Start with the boring wins: idle environments, duplicated tooling, oversized instances, storage without lifecycle rules. Then tackle the deeper design issues that make cost unpredictable, like chatty microservices, unmanaged data egress, or “temporary” pipelines that became production.
How to avoid the rewrite trap
Some rewrites are justified. The question is whether you can prove the current system is blocking your risk appetite and your delivery goals.
Use a simple test. If you can’t describe, in one paragraph, the measurable outcomes the rewrite will deliver in the first 90 days, you’re not ready for a rewrite. You’re ready for discovery.
Better pattern: carve the system into seams. Replace one capability at a time. Keep the lights on. Get real performance and cost data as you go. If leadership wants a “big move,” this still counts. It’s just a big move that doesn’t gamble the whole program.
Make debt visible without turning it into theater
Debt work fails when it’s invisible or when it becomes a public shaming ritual. Neither helps. Use reporting that’s concrete and calm.
Three metrics CIOs can run with
Change failure rate: how often releases cause incidents, rollbacks, or hotfixes.
Lead time for change: how long it takes to deliver a meaningful change from commit to production.
Repeat incident rate: how many incidents are “the same old story.”
Then add one financial signal: engineering time lost to rework. If teams spend 30 percent of their time cleaning up, your delivery capacity is already discounted. Naming it changes the conversation.
Funding technical debt without starting a civil war
This part is political, so treat it that way. Don’t ask teams to “do debt on the side.” That just means nights and weekends, then attrition. Also don’t freeze feature work and announce a “debt quarter” unless you’ve aligned stakeholders. That can backfire fast.
A practical approach that holds up:
Reserve capacity: a fixed slice of engineering time for debt work, protected by leadership. Start at 10 to 20 percent if you can.
Outcome-based debt: debt work tied to delivery goals, like “reduce release time by 30%” or “cut repeat incidents in half.”
Gate high-risk launches: new major initiatives must include debt reduction that keeps the platform stable.
And here’s the candor part. Some teams label every uncomfortable change “debt.” Don’t reward that. Make them show how it improves reliability, security, cost, or delivery speed.
A 90-day plan for reducing technical debt without stalling delivery
Days 1 to 30: inventory and truth
Define your debt categories and scoring model.
Pull incident themes and release pain points from the last 90 days.
Identify critical-path end-of-life components and ownership.
Publish a short top-10 debt list with owners and target outcomes.

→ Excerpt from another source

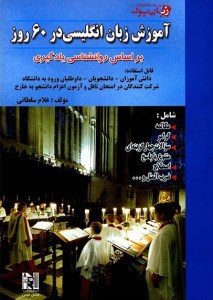 کتاب آموزش زبان انگلیسی در 60 روز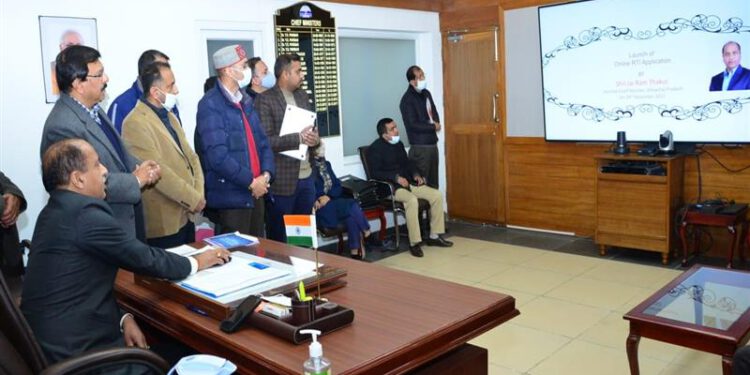 CM launches online RTI portal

Days 31 to 60: pick leverage work and ship it
Fix the top two release bottlenecks.
Eliminate one repeat incident pattern end-to-end.

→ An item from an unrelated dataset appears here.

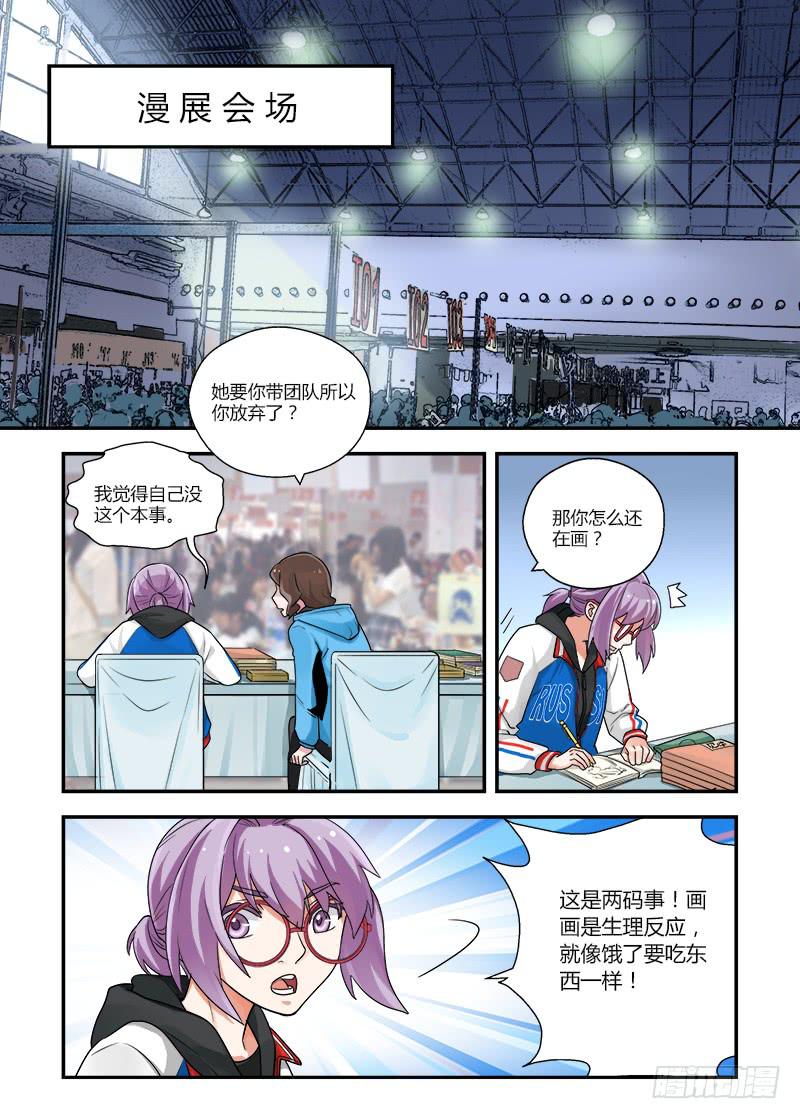 138 侵略二次元1-第138话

Upgrade or isolate one critical end-of-life component.
Set a default policy for non-prod cleanup and cost hygiene.
Days 61 to 90: lock in the operating rhythm
Turn the scoring model into a quarterly prioritization ritual.
Make debt outcomes part of leadership reporting, not just engineering.
Define a rewrite decision gate, so big rewrites require evidence.
Protect reserved capacity and measure whether it’s paying off.
FAQ
How do I explain technical debt to executives who only care about delivery?
Talk about controllability. Slower releases, more incidents, higher audit friction, rising cloud bills. Technical debt is the common cause behind those symptoms. Frame it as restoring delivery capacity, not polishing code.
Should we measure debt in story points?
Don’t. Measure outcomes. Fewer repeat incidents, faster releases, fewer emergency changes, lower cost per transaction. Points are internal bookkeeping. Outcomes are what leadership can defend.
What’s the first sign we’re prioritizing debt poorly?
Work ships, but nothing feels better. Releases are still scary. Incidents repeat. Audits still hurt. That means you’re fixing low-leverage debt. Re-score and move up the list.
Is “reducing technical debt” ever done?
No. It’s like maintenance. The win is making it routine, funded, and visible, so it never turns into a crisis program again.